Just how furious are they?
They're so furious, they wrote a 28-page paper, structured and filled with footnotes like a peer-reviewed research paper, discussing their evidence for him having cheated. This paper uses complex formulas, multivariate analysis, and a whole lot of fluffed up jargon to pretend like what they're talking about is important.
But it's not. Whether or not someone cheated at speed running Minecraft does not matter and never will matter. On the totem pole of Things to Care About, Minecraft cheating is buried deep underground below celebrity marriages and TikTok.
How Are Video Games Bad
Cheaters will always cheat. Making a fuss about them only encourages them to cheat more because it gives them more attention and notoriety. And when it comes to speed running a video game—especially considering this man Dream isn't even claiming to have the no. 1 world record—the truth doesn't matter.
My 1.16 run was just rejected after research due to it being 'too unlikely to verify'. A video was made by a head mod and Youtuber Geosquare, using my name and clickbaiting 'Cheating Speedrunning' in order to get easy views. Definitely a response soon. Total BS!
— dream (@dreamwastaken2) December 11, 2020If they get found out for cheating, then they can have the 'Fastest Speed Run Time With Cheats' title and someone else gets the 'Fastest Speed Run Time Without Cheats' title and everyone can shut up. And if they never get discovered, then they deserve an award for being that good of a cheater.

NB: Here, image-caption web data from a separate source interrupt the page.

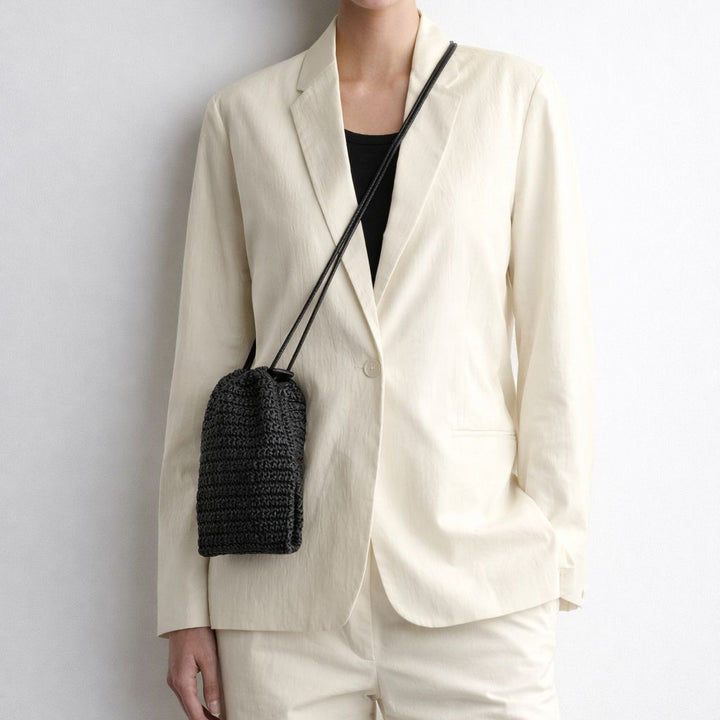 Handcrafted Woven Crossbody Bag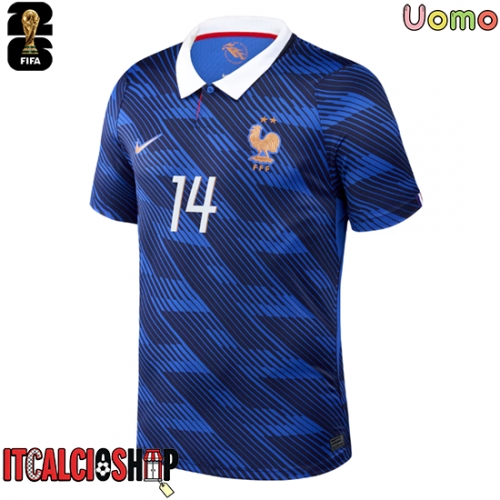 Francia Adrien Rabiot #14 Prima Maglia Mondiali 2026 Manica Corta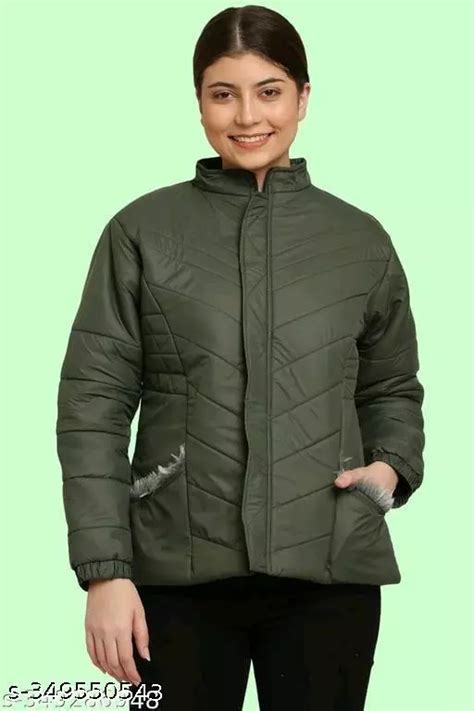 sleeve solid women jacket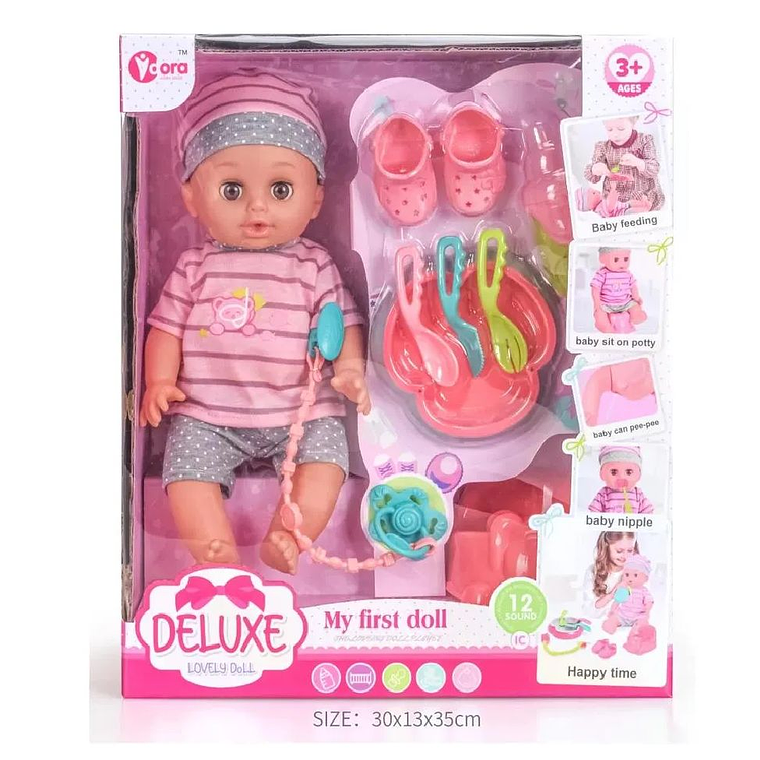 Muñeca bebe Accesorios 12 sonidos 1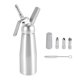 thumbnail image 1 of Professional Whipped Cream Dispenser Stainless Steel 500ML Capacity Canister Homemade Whipped Cream, 1 of 5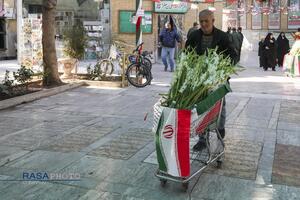 مراسم میهمانی لاله‌ها در گلزار شهدای علی بن جعفر (ع) قم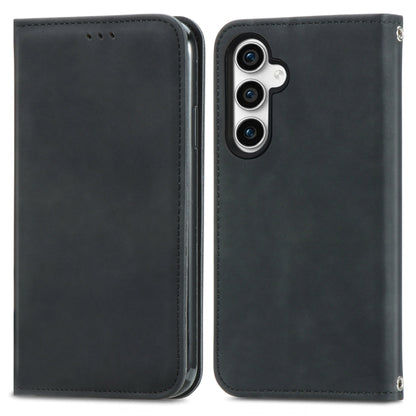 Retro Skin Feel Magnetic Leather Phone Case, For Samsung Galaxy A05, For Samsung Galaxy A05s 4G, For Samsung Galaxy A25 5G, For Samsung Galaxy S23 FE 5G, For Samsung Galaxy A24 5G, For Samsung Galaxy S23 Ultra 5G, For Samsung Galaxy S23+ 5G������������...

Cheating in tournaments where millions of dollars are on the line is a little different. Earlier this year, a 17 year-old kid who'd previously won $3 million at a 2019 Fortnite competition was accused of cheating when he taped together two keys on his keyboard to run faster.

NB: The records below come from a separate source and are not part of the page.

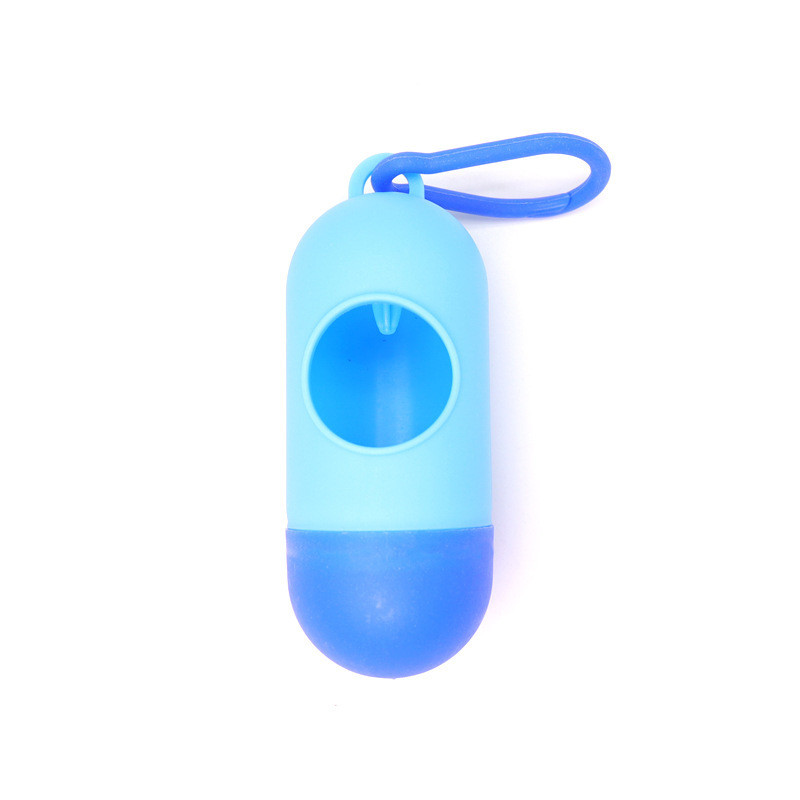 Dog Products Practical Pet Dog Poop Bag Dispenser Waste Garbage Holder Dispensers Pets Dogs Trash Cleaning Supplies: Navy Blue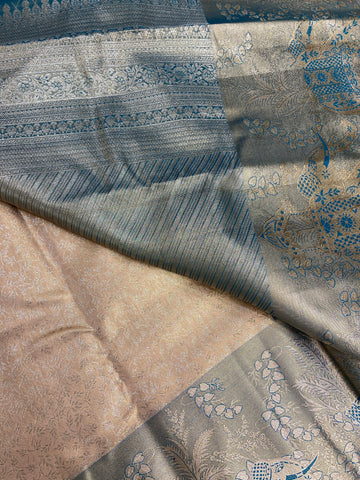 Bridal semi tissue Kanjeevaram silk saree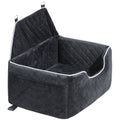 Dog Booster Car Seat Pet Car Seat for Medium Large Dog up to 24.9 kg Black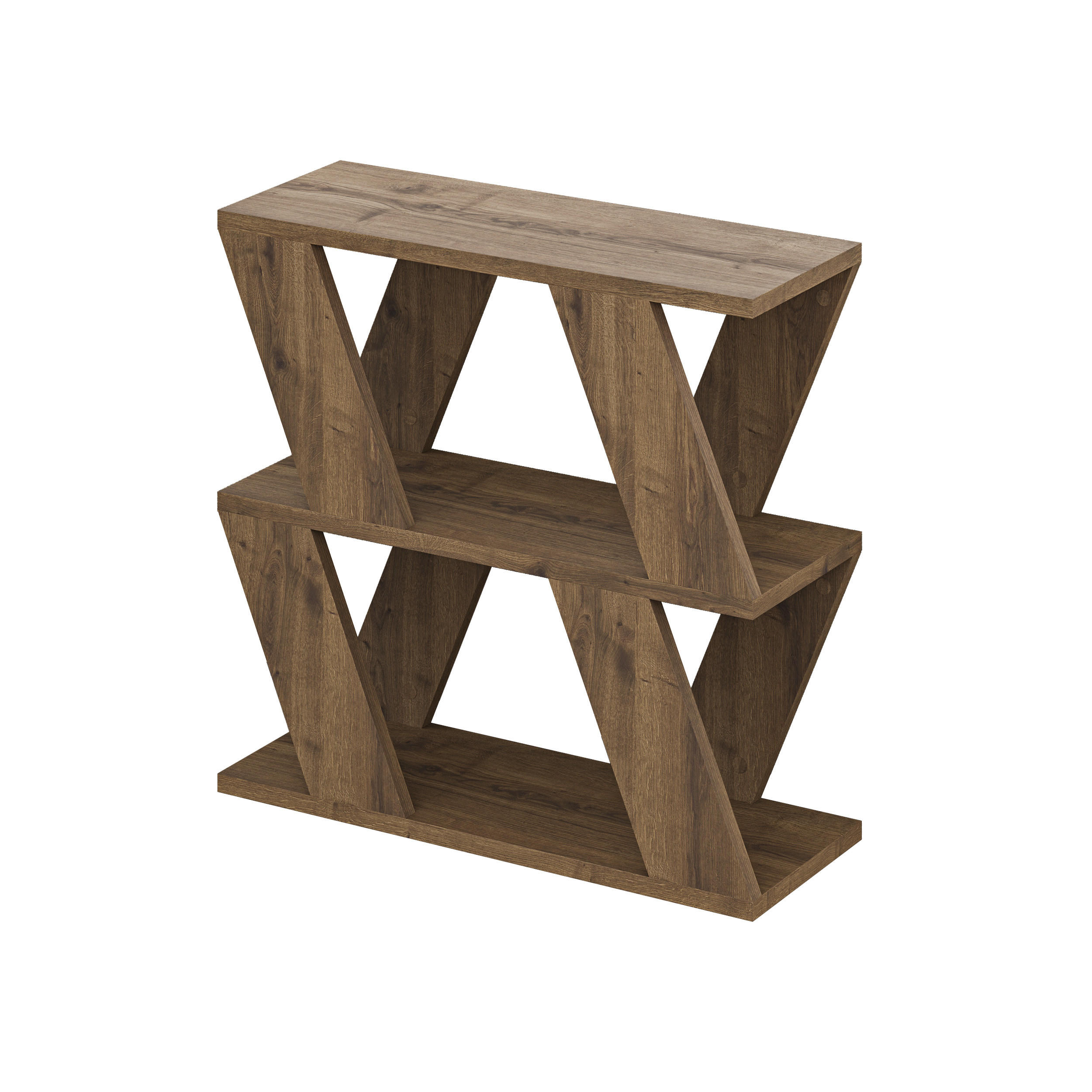 BEISTELLTISCH Lazena Dunkle Eiche 60/21,2/55,4 cm - Walnussfarben, Holzwerkstoff (21.2/60/55.4cm) - Decortie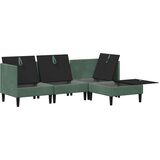  Komplet pohi&amp;scaron;tva za dnevno sobo 4 pcs Morsko zelena Žamet, (5000283102) Slike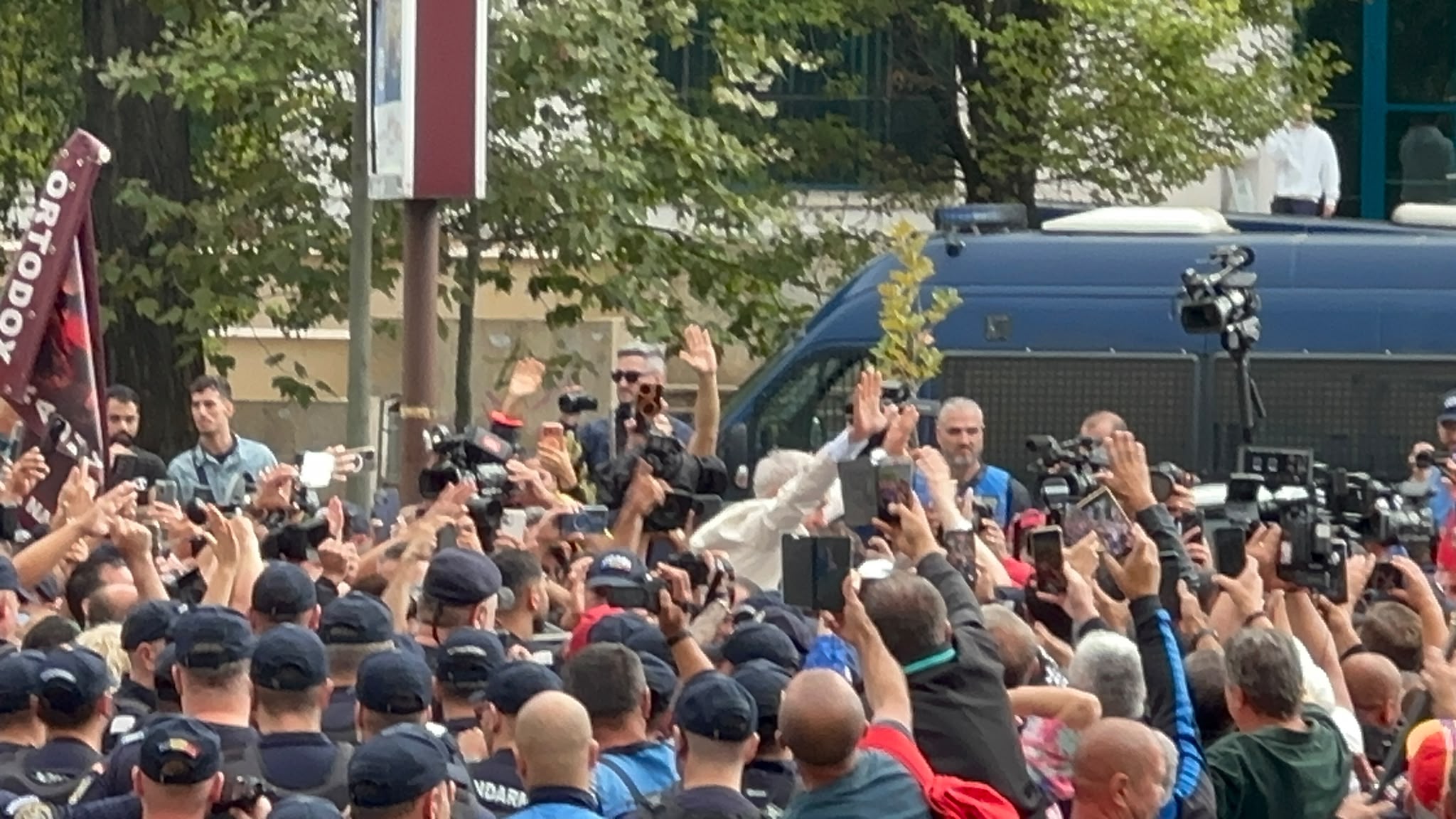 Călin Georgescu a fost eliberat de la Tribunalul București; a declarat că dosarele sunt instrumentate politic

But unless there's millions of dollars on the line, cheating in video games doesn't matter. (Even in tournaments, it only sort of matters.)
Why Cheating In Video Games Is Bad People
I understand cheating can take some of the fun out of gaming for people. But if that's the case, simply don't watch the cheaters. Focus on the goody two shoes and save yourself the time of reading about or thinking about any gamer who cheats.
Cheating in video games is absolutely fine. Whether you're doing it in Call of Duty with friends or alone in Grand Theft Auto.
People spending their precious living hours poring over data to try to prove someone cheated in a Minecraft speed run (again, he's not even claiming to have the world's fastest time, he's just claiming to have one of the fastest times) is not fine.
The people who put together this 28-page research paper are obviously intelligent. Imagine what they could achieve if they applied themselves in a useful capacity. We might have even gotten the vaccine sooner.
Why do I care so much about this to slam words onto a blog post? Because seeing this cheater drama in my gaming news feed is really boring and I'd like it to stop.
In conclusion, cheating = fine / whining about cheating = not fine.